When you write out the listing, keep each word exactly as it stands but include none of its images.

*** Opening Information shown ***

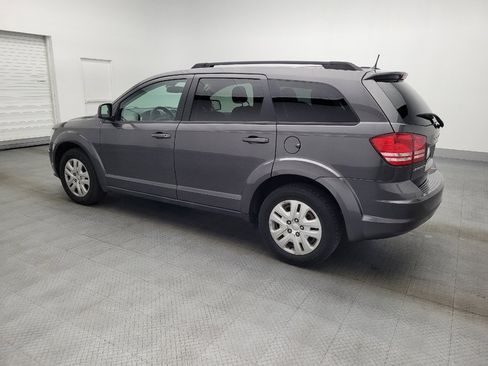 Used 2019 Dodge Journey SE image 3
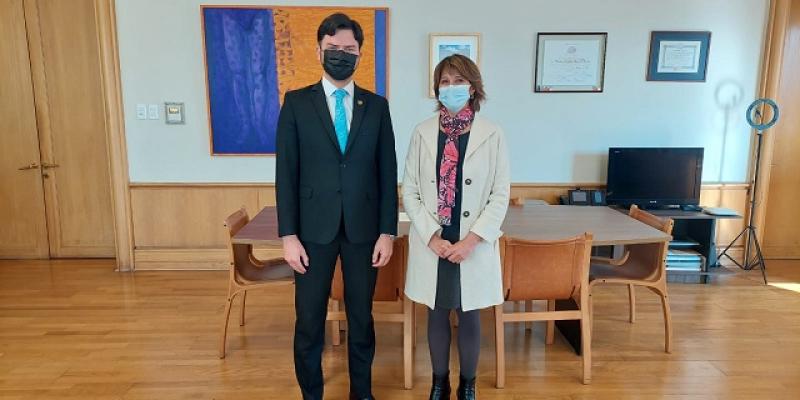 Embajador de Guatemala aborda temas bilaterales con subsecretaria de Relaciones Exteriores de Chile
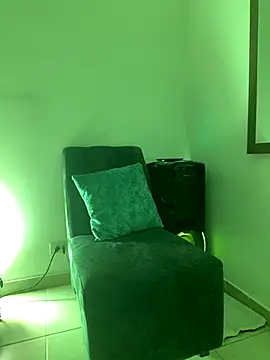 Snapshot of Chikihot69 chatting on 28, 10, 2025 Chikihot69 online show from 28, 10, 2025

*** Closing Information shown ***

■ Reply ■
 Used 2019 Dodge Journey SE image 3
 Embajador de Guatemala aborda temas bilaterales con subsecretaria de Relaciones Exteriores de Chile
 Snapshot of Chikihot69 chatting on 28, 10, 2025 Chikihot69 online show from 28, 10, 2025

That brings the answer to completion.